ZJONSSON/node-etl

Streaming tableA to tableB and updating streamed tableA records

iamvanja opened this issue · 0 comments

Hi,

I am wondering about the following scenario in MySQL.

const query = db.query(`SELECT * FROM table_a WHERE is_migrated=?`, [0])

query
  .stream()
  .pipe(
    stream.Transform({
      objectMode: true,
      transform: (row, encoding, callback) => {
        callback(null, processRow(row))
      }
    })
    .on('error', err => console.log('transform pipe error', err))
    .on('end', () => console.log('transform pipe end'))
  )
  .pipe(etl.mysql.upsert(pool, 'db_name', 'table_b'))
  // ... for all migrated records from table_a set is_migrated=1 
  .promise()
  .then(data => console.log('done', data))
  .catch(err => console.error('err:', err))
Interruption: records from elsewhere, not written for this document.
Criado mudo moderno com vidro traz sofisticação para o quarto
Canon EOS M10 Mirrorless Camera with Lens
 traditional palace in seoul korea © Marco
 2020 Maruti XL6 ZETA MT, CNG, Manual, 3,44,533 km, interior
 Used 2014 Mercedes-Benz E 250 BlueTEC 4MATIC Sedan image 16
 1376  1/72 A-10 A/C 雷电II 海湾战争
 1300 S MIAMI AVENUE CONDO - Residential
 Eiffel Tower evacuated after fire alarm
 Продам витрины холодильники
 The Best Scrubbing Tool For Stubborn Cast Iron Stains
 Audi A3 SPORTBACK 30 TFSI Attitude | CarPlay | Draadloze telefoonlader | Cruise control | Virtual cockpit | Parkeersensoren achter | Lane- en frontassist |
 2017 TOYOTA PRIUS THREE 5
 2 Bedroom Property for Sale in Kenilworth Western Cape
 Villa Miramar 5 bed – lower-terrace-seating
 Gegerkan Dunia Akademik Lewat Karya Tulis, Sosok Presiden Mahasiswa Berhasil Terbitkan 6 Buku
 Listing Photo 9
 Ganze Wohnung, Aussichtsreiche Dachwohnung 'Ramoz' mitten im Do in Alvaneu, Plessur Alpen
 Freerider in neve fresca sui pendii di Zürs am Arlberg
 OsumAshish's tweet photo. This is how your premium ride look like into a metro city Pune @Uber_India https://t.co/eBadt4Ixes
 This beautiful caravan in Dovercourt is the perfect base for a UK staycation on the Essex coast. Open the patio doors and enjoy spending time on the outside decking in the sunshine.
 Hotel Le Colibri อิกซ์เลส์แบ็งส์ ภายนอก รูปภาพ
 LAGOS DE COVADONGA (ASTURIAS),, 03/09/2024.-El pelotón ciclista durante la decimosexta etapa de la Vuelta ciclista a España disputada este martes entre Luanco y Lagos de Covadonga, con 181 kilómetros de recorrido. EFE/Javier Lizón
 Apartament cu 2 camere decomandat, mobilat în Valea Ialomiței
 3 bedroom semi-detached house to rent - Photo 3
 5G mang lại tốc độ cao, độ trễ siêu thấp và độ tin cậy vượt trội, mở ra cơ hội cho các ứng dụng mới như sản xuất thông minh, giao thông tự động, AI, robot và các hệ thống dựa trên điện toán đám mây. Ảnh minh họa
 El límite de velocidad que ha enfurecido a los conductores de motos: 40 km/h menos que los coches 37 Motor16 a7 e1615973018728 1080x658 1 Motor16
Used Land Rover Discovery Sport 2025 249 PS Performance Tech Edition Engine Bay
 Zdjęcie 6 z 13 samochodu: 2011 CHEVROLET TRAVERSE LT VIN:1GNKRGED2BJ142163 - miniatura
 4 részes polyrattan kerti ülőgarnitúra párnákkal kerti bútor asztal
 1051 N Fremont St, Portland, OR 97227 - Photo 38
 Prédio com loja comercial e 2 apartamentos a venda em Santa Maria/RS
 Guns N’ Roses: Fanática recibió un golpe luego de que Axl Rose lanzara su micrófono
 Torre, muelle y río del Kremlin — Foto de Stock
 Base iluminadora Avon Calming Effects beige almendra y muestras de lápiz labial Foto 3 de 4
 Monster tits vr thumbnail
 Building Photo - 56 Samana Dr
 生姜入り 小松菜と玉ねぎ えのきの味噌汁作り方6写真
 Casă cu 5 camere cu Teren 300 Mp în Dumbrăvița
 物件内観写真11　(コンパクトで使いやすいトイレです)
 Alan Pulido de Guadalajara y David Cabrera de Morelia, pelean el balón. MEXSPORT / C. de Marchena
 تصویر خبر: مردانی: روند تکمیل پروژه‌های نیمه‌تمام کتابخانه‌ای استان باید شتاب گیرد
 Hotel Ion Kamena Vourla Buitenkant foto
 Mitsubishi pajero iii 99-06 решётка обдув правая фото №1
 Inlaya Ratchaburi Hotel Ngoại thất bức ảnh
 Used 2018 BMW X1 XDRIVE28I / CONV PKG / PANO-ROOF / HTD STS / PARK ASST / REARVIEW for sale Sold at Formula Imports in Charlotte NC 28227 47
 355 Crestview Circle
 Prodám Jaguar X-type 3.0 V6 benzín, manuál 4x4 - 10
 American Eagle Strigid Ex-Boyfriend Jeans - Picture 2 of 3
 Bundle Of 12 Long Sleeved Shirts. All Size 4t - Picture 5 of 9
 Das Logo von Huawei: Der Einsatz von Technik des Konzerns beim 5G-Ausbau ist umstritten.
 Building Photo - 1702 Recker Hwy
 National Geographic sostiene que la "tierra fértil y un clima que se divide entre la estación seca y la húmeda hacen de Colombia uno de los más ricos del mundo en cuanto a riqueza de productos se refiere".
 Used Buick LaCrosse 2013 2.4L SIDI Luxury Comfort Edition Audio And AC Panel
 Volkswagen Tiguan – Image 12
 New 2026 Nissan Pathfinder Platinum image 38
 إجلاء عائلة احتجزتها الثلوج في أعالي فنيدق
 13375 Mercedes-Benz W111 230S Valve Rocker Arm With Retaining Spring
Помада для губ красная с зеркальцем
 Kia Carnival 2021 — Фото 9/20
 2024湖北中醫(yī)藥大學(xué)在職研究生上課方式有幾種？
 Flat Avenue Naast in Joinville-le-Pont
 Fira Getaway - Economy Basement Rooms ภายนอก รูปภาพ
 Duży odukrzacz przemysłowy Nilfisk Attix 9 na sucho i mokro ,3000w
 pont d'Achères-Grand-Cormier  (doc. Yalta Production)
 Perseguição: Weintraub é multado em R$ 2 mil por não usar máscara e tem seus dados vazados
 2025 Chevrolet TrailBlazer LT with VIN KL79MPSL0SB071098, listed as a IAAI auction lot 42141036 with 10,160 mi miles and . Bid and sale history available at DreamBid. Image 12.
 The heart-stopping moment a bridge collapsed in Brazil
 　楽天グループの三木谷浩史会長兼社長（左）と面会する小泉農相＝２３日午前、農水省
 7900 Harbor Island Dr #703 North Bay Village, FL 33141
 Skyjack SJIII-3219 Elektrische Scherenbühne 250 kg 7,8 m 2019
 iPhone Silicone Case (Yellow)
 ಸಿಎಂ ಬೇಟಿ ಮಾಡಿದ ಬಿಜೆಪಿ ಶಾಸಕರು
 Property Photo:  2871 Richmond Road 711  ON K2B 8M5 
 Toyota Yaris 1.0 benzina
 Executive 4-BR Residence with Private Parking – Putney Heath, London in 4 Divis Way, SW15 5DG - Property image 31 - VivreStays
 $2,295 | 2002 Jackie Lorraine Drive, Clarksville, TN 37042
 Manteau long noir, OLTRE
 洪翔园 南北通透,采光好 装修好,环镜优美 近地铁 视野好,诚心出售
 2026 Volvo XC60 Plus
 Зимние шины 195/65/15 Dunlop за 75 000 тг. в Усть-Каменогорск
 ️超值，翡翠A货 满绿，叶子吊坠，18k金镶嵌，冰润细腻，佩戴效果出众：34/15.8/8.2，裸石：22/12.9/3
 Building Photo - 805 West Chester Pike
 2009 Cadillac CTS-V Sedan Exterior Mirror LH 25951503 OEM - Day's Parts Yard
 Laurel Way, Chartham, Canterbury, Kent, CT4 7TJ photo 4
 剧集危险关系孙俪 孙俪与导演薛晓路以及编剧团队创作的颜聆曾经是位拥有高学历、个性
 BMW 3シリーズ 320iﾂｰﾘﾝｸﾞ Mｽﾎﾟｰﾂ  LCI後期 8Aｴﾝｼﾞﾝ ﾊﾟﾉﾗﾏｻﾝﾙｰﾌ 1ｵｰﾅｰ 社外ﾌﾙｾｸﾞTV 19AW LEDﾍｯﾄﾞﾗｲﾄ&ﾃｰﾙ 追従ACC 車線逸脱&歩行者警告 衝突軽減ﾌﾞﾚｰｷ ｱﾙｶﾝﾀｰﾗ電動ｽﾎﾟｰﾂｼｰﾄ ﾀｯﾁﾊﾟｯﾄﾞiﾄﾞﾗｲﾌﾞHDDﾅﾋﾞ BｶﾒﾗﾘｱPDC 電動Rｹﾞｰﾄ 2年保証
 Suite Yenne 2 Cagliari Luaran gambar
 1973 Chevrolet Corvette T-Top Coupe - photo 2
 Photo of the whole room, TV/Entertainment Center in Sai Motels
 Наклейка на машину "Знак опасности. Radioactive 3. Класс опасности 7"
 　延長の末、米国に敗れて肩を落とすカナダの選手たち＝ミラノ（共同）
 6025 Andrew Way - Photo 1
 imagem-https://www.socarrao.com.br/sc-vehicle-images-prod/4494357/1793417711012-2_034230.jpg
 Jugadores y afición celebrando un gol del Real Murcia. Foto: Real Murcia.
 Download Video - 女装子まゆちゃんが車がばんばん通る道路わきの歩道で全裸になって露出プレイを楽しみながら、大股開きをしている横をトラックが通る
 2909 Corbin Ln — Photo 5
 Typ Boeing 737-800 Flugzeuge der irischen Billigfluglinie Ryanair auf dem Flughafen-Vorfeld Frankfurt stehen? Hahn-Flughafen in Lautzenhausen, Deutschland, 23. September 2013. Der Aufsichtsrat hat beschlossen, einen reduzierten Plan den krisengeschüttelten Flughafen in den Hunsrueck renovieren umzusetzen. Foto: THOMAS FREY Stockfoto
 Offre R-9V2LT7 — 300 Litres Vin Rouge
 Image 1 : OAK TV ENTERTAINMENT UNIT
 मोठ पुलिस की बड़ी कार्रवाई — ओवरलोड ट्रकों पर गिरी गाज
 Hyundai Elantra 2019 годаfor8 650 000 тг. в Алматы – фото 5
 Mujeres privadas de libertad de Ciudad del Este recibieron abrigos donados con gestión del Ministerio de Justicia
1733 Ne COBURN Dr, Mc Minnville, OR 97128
select from tableA where is_migrated=0
do transformations for each row
insert them to tableB
update tableA for all inserted records to tableB and set is_migrated=1

I have an idea of building an array of IDs and then doing a separate UPDATE, but it seems hacky, especially since the array could grow very quickly due to a big data set. Is there a better way of doing it?

Also, is it possible to use INSERT ... ON DUPLICATE KEY UPDATE for upsert? REPLACE INTO becomes an issue in our use case where it would eat up auto_increment IDs very quickly.